Took an impromptu car trip from Toronto to Washington, DC (early 70's) with a g/f I worked with. Got stuck in a torrential downpour on the way, but made it. The weather was very hot, and some young men asked us if we were Quakers (we were dressed in black). They offered to show us around, but we politely declined. We were awed by the huge statue of Abraham Lincoln. Also shocked at the ghettos.

Another time, in the early 80's, I took a spur-of-the-moment trip out to Vancouver to stay with my brother and his partner, and her kids, for a week. They were both working, so I went walkabout every day, after dropping the youngest off at school in the mornings. I tend to like travelling and exploring on my own.


----------



## Paco Dennis (Apr 29, 2021)

I used to hitchhike in the late '60's. Had many very surprising rides, some a little dangerous. (drunks mainly).

Then when I was 34 I decided to fly to California to see my parents all of a sudden. I was on a roofing job and the temp was in the 90's and I was recently married, but just did it. It was great, but when I got back I paid the price. I hadn't got a soveneir for my wife and she was really pissed, and the roofing crew almost told me to take a flying leap for abandoning them on such short notice during a very difficult job.  Always some kind of Karma. I prefer to be a little impulsive rather than obsess about planning things. I guess it is best , like most things we do, is to do both.


----------



## RadishRose (Apr 29, 2021)

squatting dog said:


> Loved my bus.

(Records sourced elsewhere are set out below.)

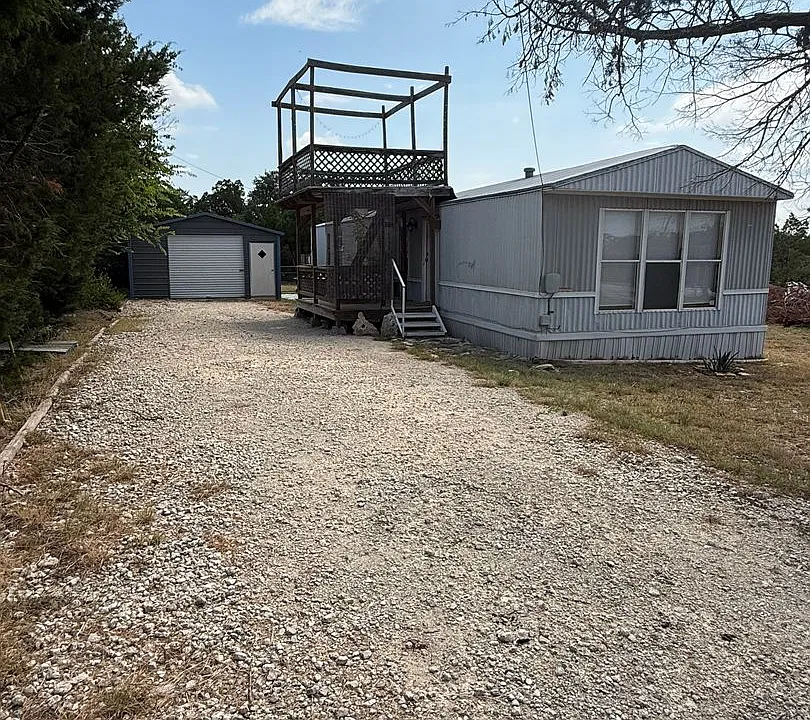 1215 Cypress Dr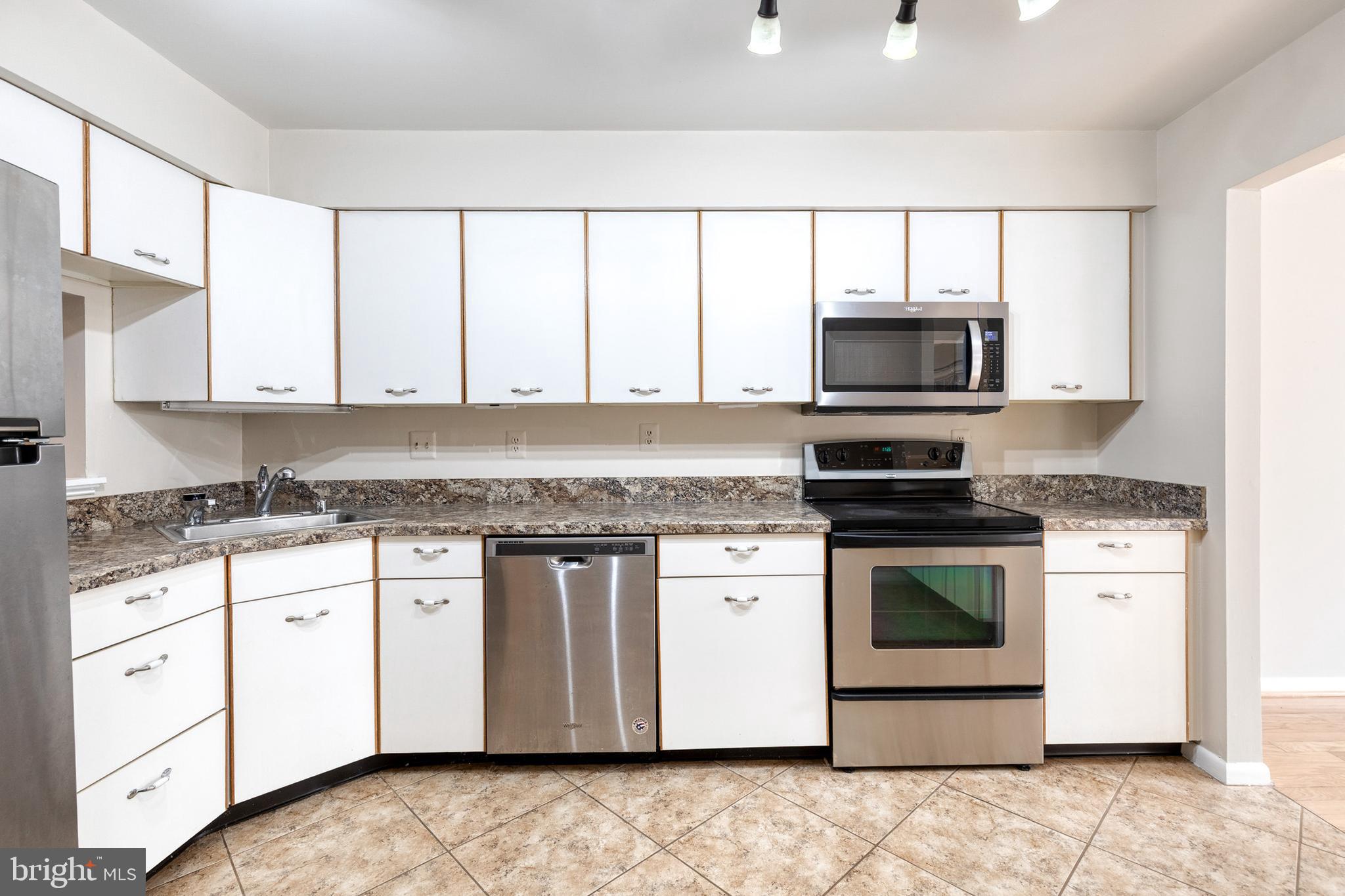 THE FALLS GARDEN - Residential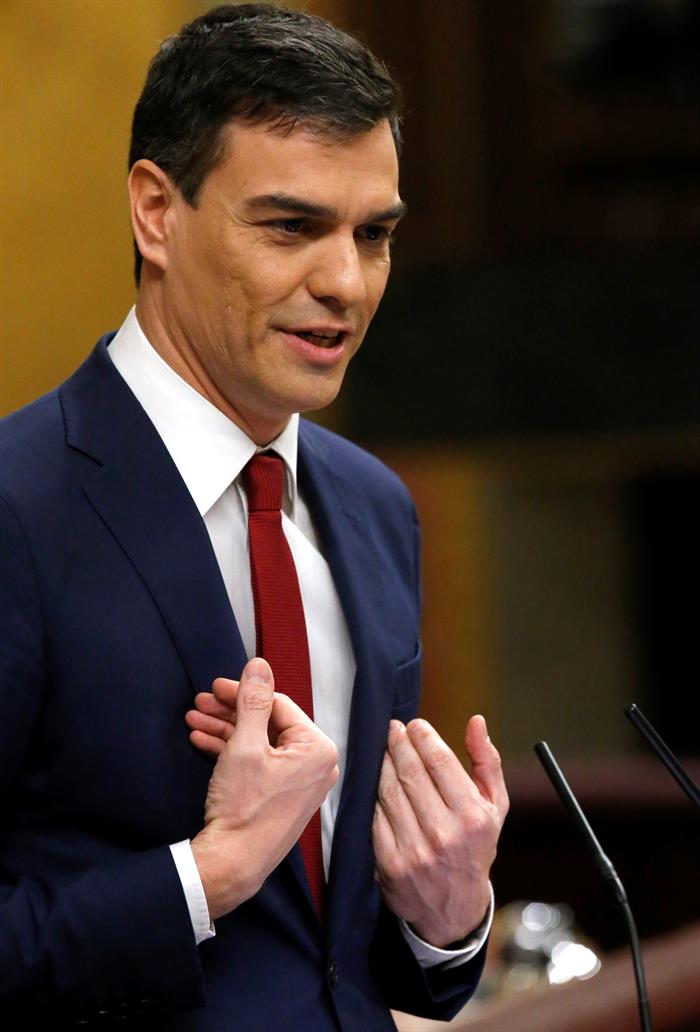Pedro Sánchez exige a Rajoy que rechace en la UE el acuerdo de los refugiados Pedro Sánchez exige a Rajoy que rechace en la UE el acuerdo de los refugiados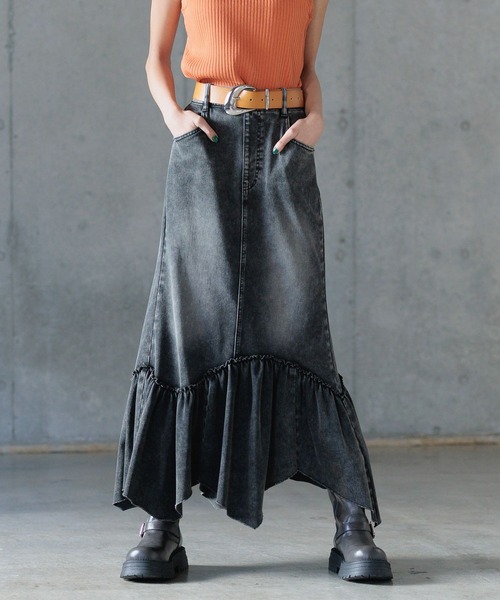 PAGEBOY（ページボーイ）の「カットデニムティアードスカート（デニムスカート・レディース・ブルー/ブラック・FREE）」の2枚目の写真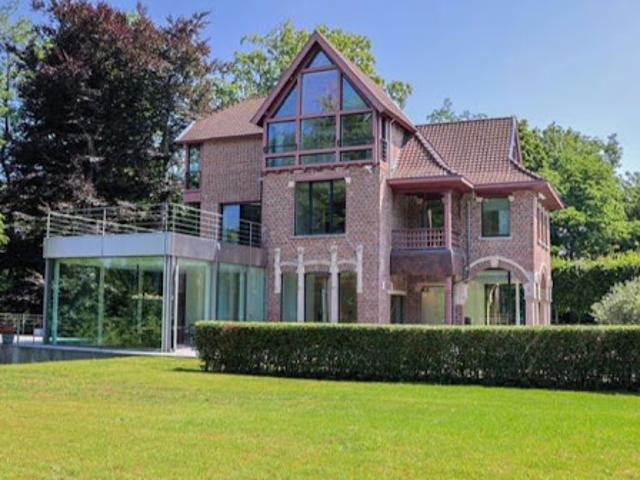 Villa avec piscine et jardin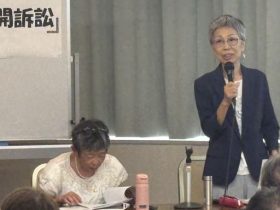 これまでの経緯を説明する原告の佐野真理子さん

However, mama wanted something with slides.
> I wrote a little diddy about how old Bus Lightyear came about.
> 
> https://lifeisacarnivalblog.wordpress.com/2017/04/
> ...


 I enjoyed my second visit to your blog Dog. Looks like you've been through every state except OR and WA. Large Marge..... LOL!


----------



## RadishRose (Apr 29, 2021)

Yes more than several times, to Cape Cod MA and different places in ME. Just on the spur of the moment.


----------



## squatting dog (Apr 29, 2021)

RadishRose said:


> I enjoyed my second visit to your blog Dog. Looks like you've been through every state except OR and WA. Large Marge..... LOL!


Yeah, somehow we missed those two. We'll get there someday.


----------